• TASK STATEMENT:
Copy word for word, please, the lines of the entries below running from the one containing "Rohová police Vicco" to the one containing "90s 러셀 스웻셔츠 레드 상품이미지4", both ends included.

(Scraped caption text data)
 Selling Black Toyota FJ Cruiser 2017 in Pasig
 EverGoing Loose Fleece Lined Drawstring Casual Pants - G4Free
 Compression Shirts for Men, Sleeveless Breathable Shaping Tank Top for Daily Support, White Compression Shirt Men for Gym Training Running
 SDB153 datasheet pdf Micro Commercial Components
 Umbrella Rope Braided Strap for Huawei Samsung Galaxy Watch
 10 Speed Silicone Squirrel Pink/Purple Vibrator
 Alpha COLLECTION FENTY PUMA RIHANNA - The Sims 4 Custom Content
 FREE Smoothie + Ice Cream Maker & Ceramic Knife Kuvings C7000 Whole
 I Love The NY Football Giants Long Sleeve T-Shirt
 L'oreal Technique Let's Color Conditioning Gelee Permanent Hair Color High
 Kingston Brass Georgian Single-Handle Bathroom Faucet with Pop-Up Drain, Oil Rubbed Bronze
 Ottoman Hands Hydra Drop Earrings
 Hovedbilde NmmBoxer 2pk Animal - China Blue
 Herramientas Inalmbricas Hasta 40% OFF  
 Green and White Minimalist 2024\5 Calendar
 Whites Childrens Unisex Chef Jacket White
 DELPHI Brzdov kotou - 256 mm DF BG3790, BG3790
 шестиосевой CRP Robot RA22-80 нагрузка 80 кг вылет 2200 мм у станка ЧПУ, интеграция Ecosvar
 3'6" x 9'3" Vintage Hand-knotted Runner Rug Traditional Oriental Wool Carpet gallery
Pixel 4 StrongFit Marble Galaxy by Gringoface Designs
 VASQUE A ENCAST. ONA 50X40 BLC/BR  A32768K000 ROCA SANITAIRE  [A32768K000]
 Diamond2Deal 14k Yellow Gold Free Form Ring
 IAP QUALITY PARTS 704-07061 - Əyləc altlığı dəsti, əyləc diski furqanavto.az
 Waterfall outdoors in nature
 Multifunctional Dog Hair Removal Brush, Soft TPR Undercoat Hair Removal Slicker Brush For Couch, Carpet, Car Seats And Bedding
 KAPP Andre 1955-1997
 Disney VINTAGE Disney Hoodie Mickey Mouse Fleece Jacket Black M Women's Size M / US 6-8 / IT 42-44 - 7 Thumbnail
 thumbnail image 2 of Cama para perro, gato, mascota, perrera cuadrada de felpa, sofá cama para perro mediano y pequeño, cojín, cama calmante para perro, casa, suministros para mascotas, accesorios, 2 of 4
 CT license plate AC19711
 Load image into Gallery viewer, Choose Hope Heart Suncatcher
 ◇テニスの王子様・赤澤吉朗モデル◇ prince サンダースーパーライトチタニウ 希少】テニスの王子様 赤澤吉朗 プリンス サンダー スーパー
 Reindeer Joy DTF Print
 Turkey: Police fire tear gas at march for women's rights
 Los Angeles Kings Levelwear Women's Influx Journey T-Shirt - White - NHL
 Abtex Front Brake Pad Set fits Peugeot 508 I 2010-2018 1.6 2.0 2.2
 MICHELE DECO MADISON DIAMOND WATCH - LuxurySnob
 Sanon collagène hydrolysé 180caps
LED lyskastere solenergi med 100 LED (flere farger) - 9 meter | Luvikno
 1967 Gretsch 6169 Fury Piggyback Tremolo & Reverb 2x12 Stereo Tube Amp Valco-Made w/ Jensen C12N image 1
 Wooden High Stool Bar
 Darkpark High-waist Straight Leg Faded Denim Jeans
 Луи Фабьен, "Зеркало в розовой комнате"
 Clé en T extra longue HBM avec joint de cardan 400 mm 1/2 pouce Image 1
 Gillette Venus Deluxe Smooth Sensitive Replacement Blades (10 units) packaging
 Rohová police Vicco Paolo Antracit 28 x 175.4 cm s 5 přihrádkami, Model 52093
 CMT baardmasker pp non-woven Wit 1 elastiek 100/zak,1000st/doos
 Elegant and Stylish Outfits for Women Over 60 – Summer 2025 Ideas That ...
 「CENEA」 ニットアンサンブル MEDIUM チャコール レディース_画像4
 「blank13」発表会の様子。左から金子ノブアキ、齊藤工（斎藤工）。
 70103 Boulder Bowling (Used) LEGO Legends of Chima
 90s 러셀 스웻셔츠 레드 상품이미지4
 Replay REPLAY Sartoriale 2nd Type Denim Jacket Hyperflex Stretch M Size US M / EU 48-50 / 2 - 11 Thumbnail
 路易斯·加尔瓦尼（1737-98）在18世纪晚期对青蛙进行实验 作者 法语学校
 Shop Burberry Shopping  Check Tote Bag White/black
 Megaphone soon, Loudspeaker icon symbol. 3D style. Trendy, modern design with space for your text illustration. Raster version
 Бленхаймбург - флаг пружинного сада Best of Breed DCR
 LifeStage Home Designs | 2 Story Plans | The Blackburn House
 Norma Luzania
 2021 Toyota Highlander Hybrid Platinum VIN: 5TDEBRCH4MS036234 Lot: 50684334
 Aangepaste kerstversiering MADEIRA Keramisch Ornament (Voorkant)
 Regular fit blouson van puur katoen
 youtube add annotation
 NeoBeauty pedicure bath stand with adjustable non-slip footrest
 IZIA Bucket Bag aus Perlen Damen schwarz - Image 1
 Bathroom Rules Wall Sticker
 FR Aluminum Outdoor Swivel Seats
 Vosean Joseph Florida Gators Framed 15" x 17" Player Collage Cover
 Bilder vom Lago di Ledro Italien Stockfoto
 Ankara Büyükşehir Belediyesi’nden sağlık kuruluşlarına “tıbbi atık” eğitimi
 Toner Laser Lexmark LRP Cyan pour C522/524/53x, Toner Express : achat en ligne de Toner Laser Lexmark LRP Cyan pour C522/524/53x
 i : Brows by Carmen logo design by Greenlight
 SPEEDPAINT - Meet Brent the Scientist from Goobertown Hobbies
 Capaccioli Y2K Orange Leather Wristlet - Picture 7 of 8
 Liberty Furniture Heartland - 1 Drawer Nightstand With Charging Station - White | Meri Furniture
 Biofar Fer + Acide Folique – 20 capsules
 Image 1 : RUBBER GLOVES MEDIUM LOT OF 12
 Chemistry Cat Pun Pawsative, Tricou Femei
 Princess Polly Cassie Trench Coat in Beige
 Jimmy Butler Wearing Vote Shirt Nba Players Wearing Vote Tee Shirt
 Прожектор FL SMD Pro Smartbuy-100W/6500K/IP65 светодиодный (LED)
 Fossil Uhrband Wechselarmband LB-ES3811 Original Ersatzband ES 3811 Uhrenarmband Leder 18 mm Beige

• ANSWER:
 Rohová police Vicco Paolo Antracit 28 x 175.4 cm s 5 přihrádkami, Model 52093
 CMT baardmasker pp non-woven Wit 1 elastiek 100/zak,1000st/doos
 Elegant and Stylish Outfits for Women Over 60 – Summer 2025 Ideas That ...
 「CENEA」 ニットアンサンブル MEDIUM チャコール レディース_画像4
 「blank13」発表会の様子。左から金子ノブアキ、齊藤工（斎藤工）。
 70103 Boulder Bowling (Used) LEGO Legends of Chima
 90s 러셀 스웻셔츠 레드 상품이미지4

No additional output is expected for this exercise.